I arrived at the Salt Marsh just a few minutes after sunrise (maybe two fingers above the horizon) and was immediately drawn to a bird that I couldn’t identify. The second bird I saw, a Red-winged Blackbird in full voice, should have provided a clue. The bird in question turned out to be a female Red-winged Blackbird, a creature quite unlike its mate in appearance.
The walk proceeded from there. I walked around the athletic fields and up the path that winds around the northern part of the park under the Henry Hudson Bridge and then climbed higher to the highest ridge. The sound of warblers was indeed thrilling. From there I walked south and down the rugged path that hugs the hill, then up through the Clove a bit and back to the marsh, and finally up and around the big hill near the tennis courts. My walk lasted four hours, counting the time I rested on logs and rocks.

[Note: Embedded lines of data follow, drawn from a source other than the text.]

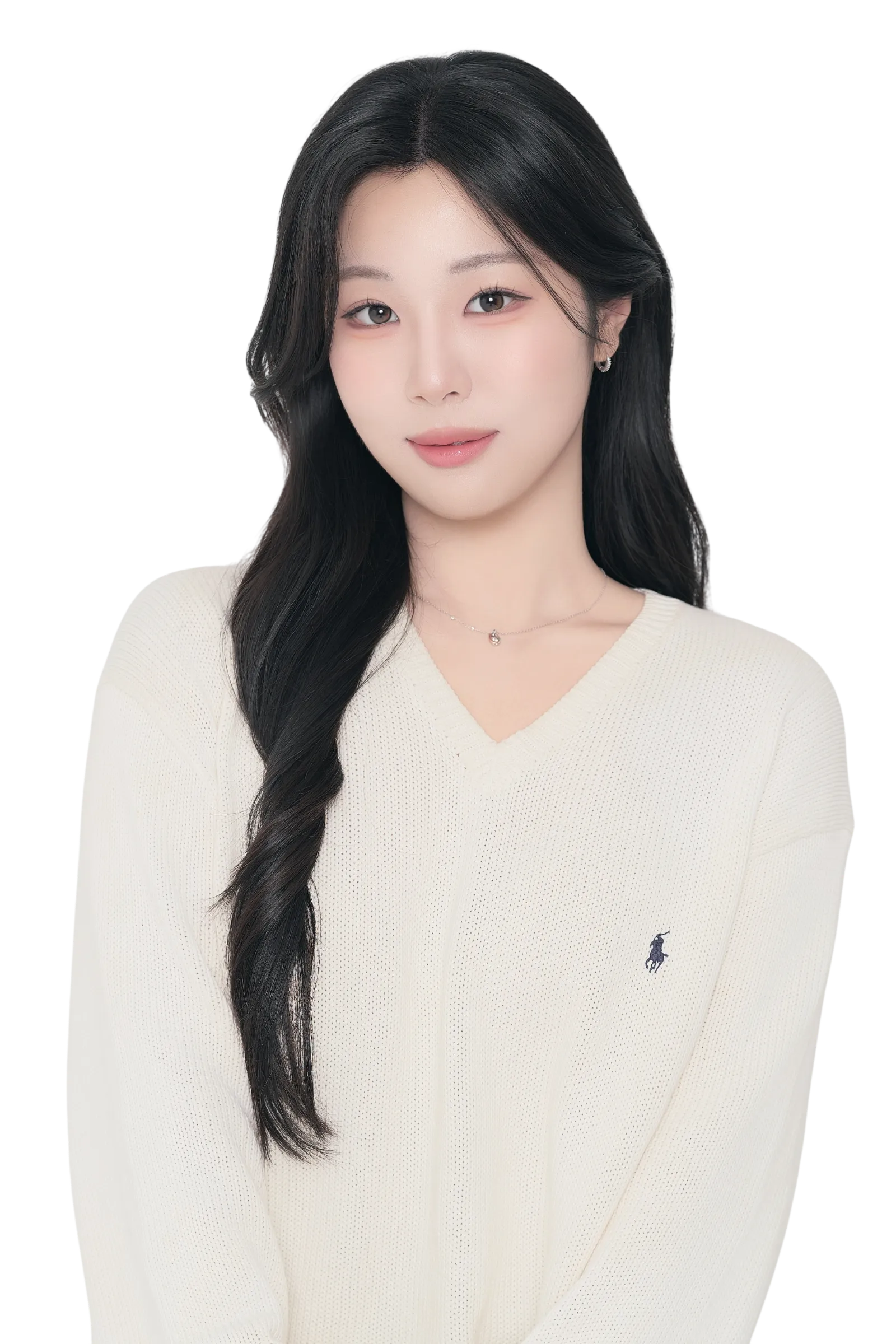 Chaeyoung Lee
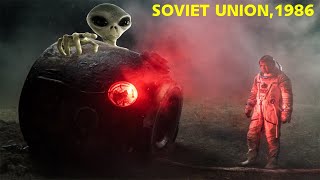 Download lagu Real Russian Alien Encounters | உலகை மிரள வைத்த ரஷ்ய ஏலியன் நிகழ்வுகள்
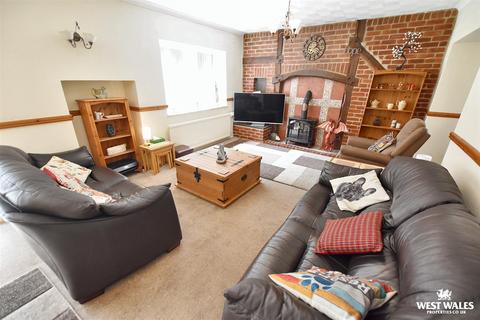 undefined, Login, Whitland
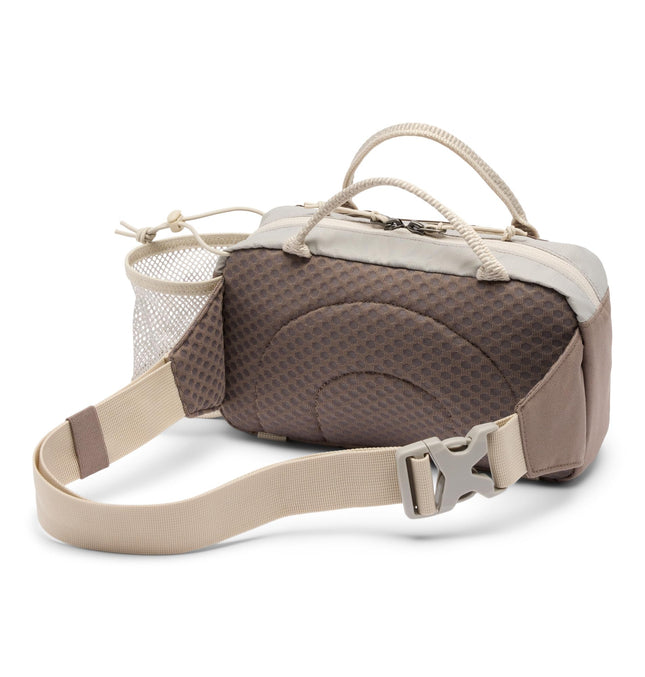 Columbia Casual, Iron/Flint Grey/Dark Stone, One Size, Casual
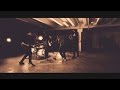 Awake The Dreamer - Vigilant (feat. Robert Ljung of Adept) (OFFICIAL MUSIC VIDEO)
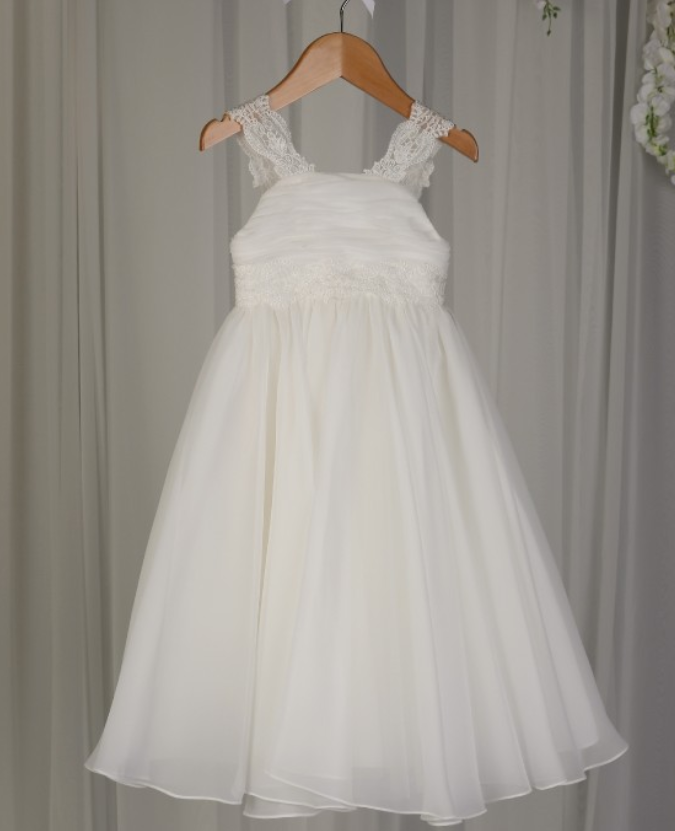 Richard Designs Style RDF1002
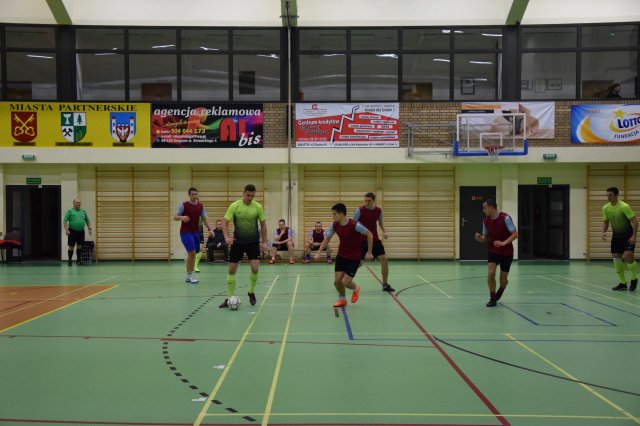 DSCccasa_0126 35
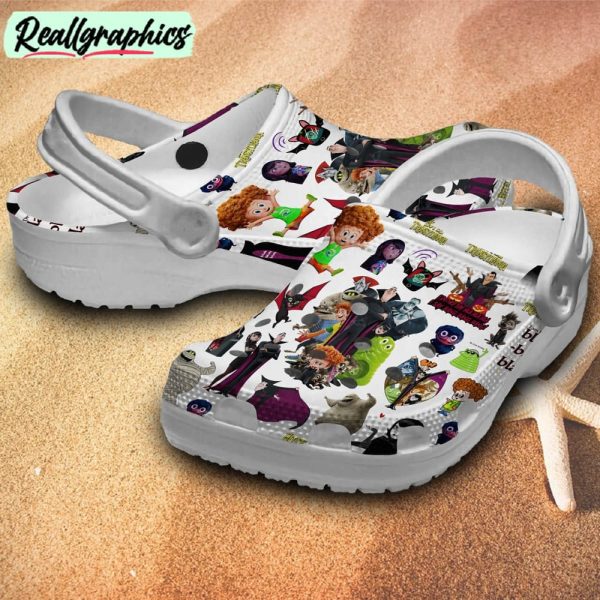 hotel-transylvania-cartoon-crocs-crocband-clogs-shoes-for-men-women-2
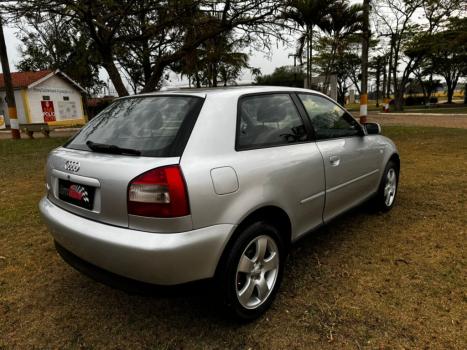 AUDI A3 1.6, Foto 6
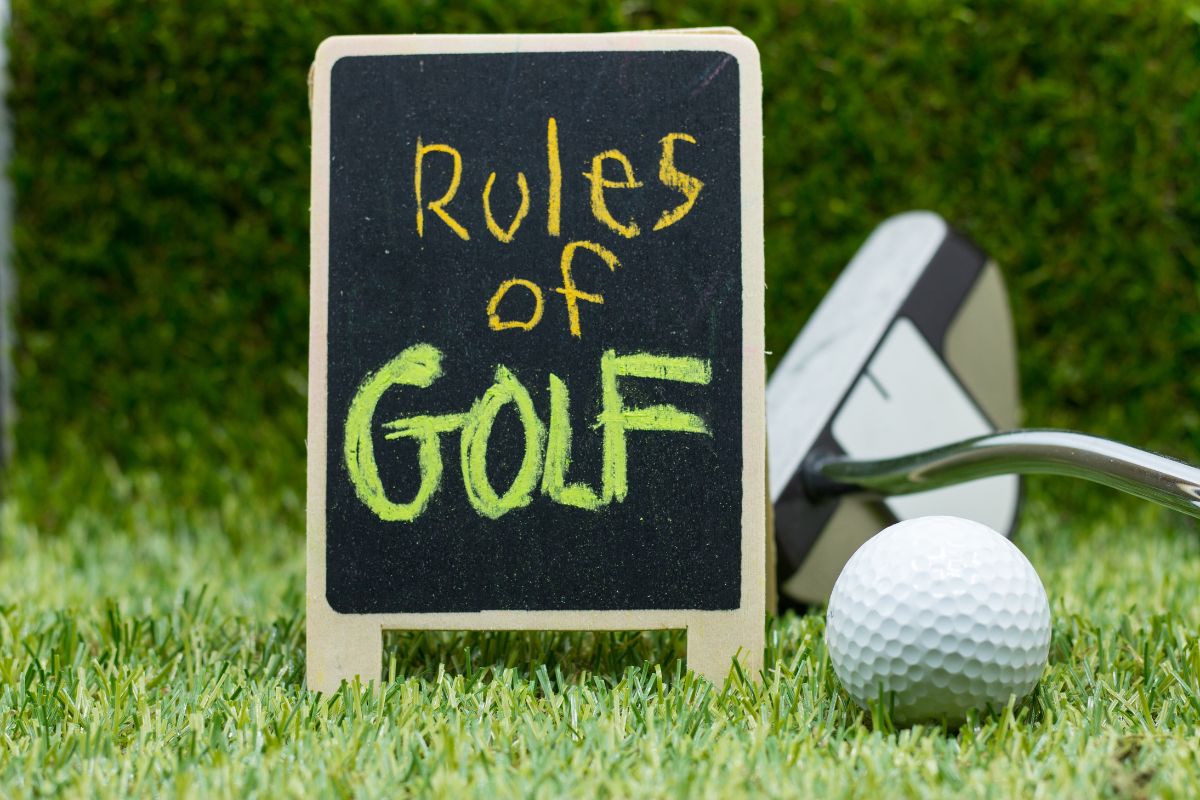 what-are-the-basic-rules-of-golf-flawless-golf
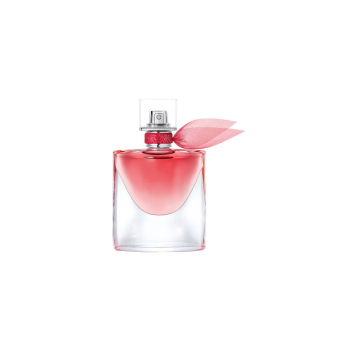 Lancome La Vie Est Belle Intensement Intense L Eau De Parfum Lancome La Vie Est Belle Intensement Intense L Eau De Parfum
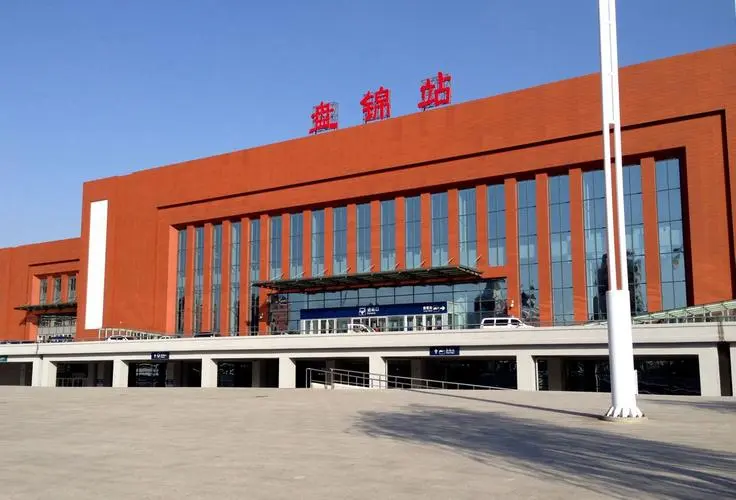 邯郸到盘锦货运公司专线省钱又省心省准时送达时+效+保+证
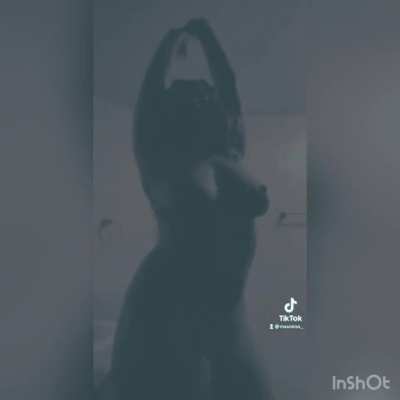 Bh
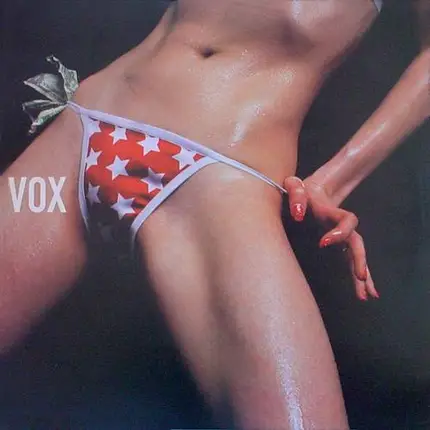 Madji'k - Midnight Trap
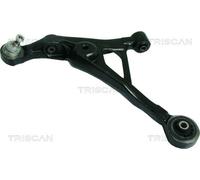 Braccio oscillante, Sospensione ruota Esterno per CHRYSLER DODGE STRATUS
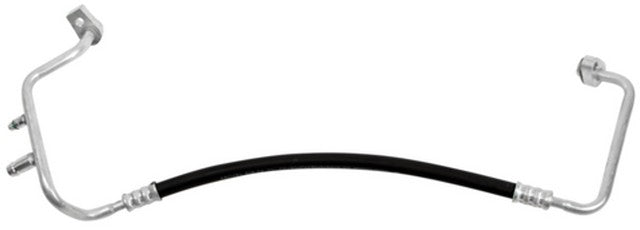 A/C Refrigerant Discharge Hose Four Seasons 65280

Opening the Merlin app from time to time, I confirmed that I was hearing the most extraordinary migrating warblers, and I did catch tantalizing glimpses of some of them. I took plenty of pictures, only to see later that they were mostly Yellow-rumped Warblers. Birdwatching can be like this on any given day. I did enjoy seeing a Carolina Wren up close, an Ovenbird in the morning forest light, and a few of the park regulars. Blue Jays almost always make a good subject.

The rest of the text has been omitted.